Updated

A Peet’s Coffee & Tea customer is suing the coffee chain for knowingly overcharging patrons who ordered its French press coffee.

Lead plaintiff Robert Garrett  filed the lawsuit in the Cook County Circuit Court of Illinois on Oct. 30 and seeking class action status, according to a press release from his attorney's firm.

Dan Voelker, a Chicago-based lawyer representing Garrett, said the suit is "very similar to the suit filed against Subway,” which found that the sandwich chain’s foot-long subs were not as lengthy as advertised.

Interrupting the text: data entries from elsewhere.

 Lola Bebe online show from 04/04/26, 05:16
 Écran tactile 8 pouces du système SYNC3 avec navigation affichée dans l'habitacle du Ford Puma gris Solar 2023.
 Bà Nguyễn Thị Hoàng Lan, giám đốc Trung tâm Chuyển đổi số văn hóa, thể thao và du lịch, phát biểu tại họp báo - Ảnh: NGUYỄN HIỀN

In this instance, the Peet’s lawsuit alleges that the chain’s in store signs advertises its French Press coffee as “containing 12- and 32-ounce servings” but that this “actually refers to is the size of the brewing equipment, the narrow glass cylindrical beaker where the coarse ground coffee is placed. Customers are actually served at least 25 percent less liquid volume than they believed they received."

Peet’s is being accused to defrauding the plaintiff, and other consumers, by willfully misleading them with false advertising “via point-of-purchase in-store signage and menus intended to trick unsuspecting consumers.”

Voelker is seeking unspecified damages on behalf of his client and the thousands of customers who may have been defrauded by the coffee chain into thinking they were purchasing more coffee than was actually received.

Peet’s, which recently snapped up artisan coffee brewers Stumptown Roasters and Intelligentsia, operates 243 stores in nine states.